## Statistics - Assignment
### Z-Distribution Hypothesis Testing - Questions 11 - 24

In [1]:
import numpy as np

In [2]:
# Function to calculate z-stats for single sample
def calc_z_statistics_one_sample(sample):
    n = len(sample)
    
    print(f"Sample size: n = {n}")

    x_bar = np.mean(sample)
    print(f"Sample Mean: x_bar = {round(x_bar, 2)}")

    s = np.std(sample)
    
    print(f"Sample Standard Deviation: s = {round(s, 2)}")

    z_statistic = x_bar/ (s/np.sqrt(n))

    print("z_statistic = ", round(z_statistic, 2))

    return (z_statistic)

In [3]:
# Function to calculate z-stats for two samples
def calc_z_statistics_two_samples(sample1, sample2):
    n1 = len(sample1)
    n2 = len(sample2)

    print(f"Sample size: n1 = {n1} and sample size: n2 = {n2}")

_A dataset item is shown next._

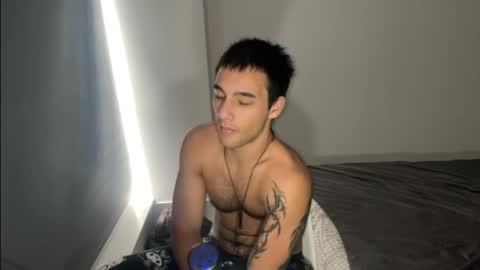 native_boy2 online show from 31, 3, 2026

    x1_bar = np.mean(sample1)
    x2_bar = np.mean(sample2)

    print(f"Sample Mean: x1_bar = {round(x1_bar, 2)} and x2_bar = {round(x2_bar, 2)}, diff_x1x2 = {round(abs(x1_bar - x2_bar), 2)}")

    s1 = np.std(sample1)
    s2 = np.std(sample2)

    print(f"Sample Standard Deviation: s1 = {round(s1, 2)} and s2 = {round(s2, 2)}")

    z_statistic = abs(x1_bar - x2_bar)/ ( np.sqrt( ((s1 ** 2)/n1) + ((s2 ** 2)/n2) ) )

    print("z_statistic = ", round(z_statistic, 2))

    return (z_statistic)

In [4]:
# Function to calculate z-stats for one proportion
def calc_z_statistics_one_proportion(sample, prop):
    pass

In [5]:
# Function to calculate z-stats for two proportion
def calc_z_statistics_two_proportion(n1, n2, p1, p2):

    print(f"Sample1 size and sample1 proportion: n1 = {n1}, p1 = {p1}")
    print(f"Sample2 size and sample2 proportion: n2 = {n2}, p2 = {p2}")     

    p = (n1*p1 + n2*p2)/(n1+n2)

    print(f"pooles proportion p = {round(p, 2)}")

    z_statistic = (p1 - p2)/ ( np.sqrt( p*(1-p)*(1/n1 + 1/n2) ) )

    print("z_statistic = ", round(z_statistic, 2))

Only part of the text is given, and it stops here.